30 settembre 2016, Cassazione civile

per poter essere reintegrato dopo licenziamento per carcerazione ingiusta, il recesso del datore di lavoro deve  fondato esclusivamente sul fattore obiettivo dello status custodiale del prestatore d'opera, onde la norma non potrà dare titolo per la reintegrazione nel posto qualora il licenziamento risulti in via autonoma giustificato sulla base di elementi ulteriori rispetto alla mera assenza da provvedimento cautelare.

 

CORTE SUPREMA DI CASSAZIONE

SEZIONE LAVORO

Sent., (ud. 08/06/2016) 30-09-2016, n. 19553

Composta dagli Ill.mi Sigg.ri Magistrati:

Dott. VENUTI Pietro - Presidente -

Dott. MANNA Antonio - Consigliere -

Dott. NEGRI DELLE TORRE Paolo - rel. Consigliere -

Dott. BALESTRIERI Federico - Consigliere -

Dott. DE GREGORIO Federico - Consigliere -

ha pronunciato la seguente:

SENTENZA

sul ricorso 27743-2015 proposto da:

B.B. C.F. (OMISSIS), elettivamente domiciliato in ROMA, VIA GERMANICO 172, presso lo studio dell'avvocato PIER LUIGI PANICI, che lo rappresenta e difende giusta delega in atti;

- ricorrente -

contro

RFI RETE FERROVIARIA ITALIANA S.P.A. C.F. (OMISSIS), in persona del legale rappresentante pro tempore, elettivamente domiciliata in ROMA, VIA LUIGI GIUSEPPE FARAVELLI 22, presso lo studio dell'avvocato EM, che la rappresenta e difende giusta delega in atti;

- controricorrente -

avverso la sentenza n. 7552/2015 della CORTE D'APPELLO di ROMA, depositata il 30/10/2015, R.G. N. 6169/2013;

udita la relazione della causa svolta nella pubblica udienza del 08/06/2016 dal Consigliere Dott. NEGRI DELLA TORRE Paolo;

udito l'Avvocato PLP

udito l'Avvocato CB per delega verbale Avv. EM;

udito il P.M. in persona del Sostituto Procuratore Generale Dott. SANLORENZO Rita, che ha concluso per il rigetto del ricorso.

Svolgimento del processo

Con sentenza n. 4405/2013 il Tribunale di Roma, pronunciando sulla domanda ex art. 102 disp. att. c.p.p., proposta da B.B. nei confronti di Rete Ferroviaria Italiana S.p.A., respingeva la domanda relativa alla dichiarazione di illegittimità del licenziamento intimato al ricorrente - in stato di custodia cautelare dal 10/6/2009 - con lettera in data 21/4/2010; dichiarava cessata la materia del contendere sulla reintegra; condannava la società al risarcimento del danno subito dal lavoratore nella misura delle retribuzioni globali di fatto dall'1/12/2011, data della comunicazione con la quale il B. aveva dato notizia di essere stato assolto e immediatamente scarcerato, contestualmente chiedendo di essere reintegrato nel posto di lavoro, al 30/4/2012, data di effettiva ripresa del servizio a seguito di ordinanza nel frattempo emessa dal Tribunale di Roma in sede cautelare.

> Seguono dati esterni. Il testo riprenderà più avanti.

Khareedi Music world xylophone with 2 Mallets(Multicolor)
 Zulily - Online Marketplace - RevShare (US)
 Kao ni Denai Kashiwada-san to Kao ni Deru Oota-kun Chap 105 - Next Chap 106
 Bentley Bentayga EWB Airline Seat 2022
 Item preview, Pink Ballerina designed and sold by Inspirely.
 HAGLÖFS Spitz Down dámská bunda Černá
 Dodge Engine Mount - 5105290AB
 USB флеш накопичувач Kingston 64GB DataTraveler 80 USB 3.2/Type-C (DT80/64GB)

Proposto appello avverso la suddetta sentenza da Rete Ferroviaria Italiana S.p.A., la Corte territoriale respingeva la domanda di risarcimento danni proposta dal B., dichiarando assorbita la domanda di reintegra.

A sostegno della propria decisione la Corte rilevava innanzitutto che sulla statuizione del Tribunale, con la quale era stata respinta la domanda di illegittimità del licenziamento, si era formato il giudicato, non essendovi stato su di essa gravame incidentale da parte del lavoratore, pur soccombente in relazione a tale domanda, e che, d'altra parte, la società appellante risultava sul punto carente di interesse ad impugnare, nonostante espresso motivo; rilevava poi che la domanda di reintegra era da considerarsi assorbita nel rigetto della domanda volta alla dichiarazione di illegittimità del recesso, non potendo conseguire un ordine di reintegrazione ad un licenziamento di cui, come nella specie, non fosse stata accertata la illegittimità, nè poteva configurarsi alcun giudicato sulla statuizione interinale pronunciata dal Tribunale in sede cautelare, stante la successiva instaurazione del giudizio di merito da parte del lavoratore; rilevava infine come, su tali premesse, risultasse infondata anche la pretesa risarcitoria, risolvendosi il pagamento delle retribuzioni, alla luce del giudicato sulla non illegittimità del licenziamento, in una attribuzione priva di titolo.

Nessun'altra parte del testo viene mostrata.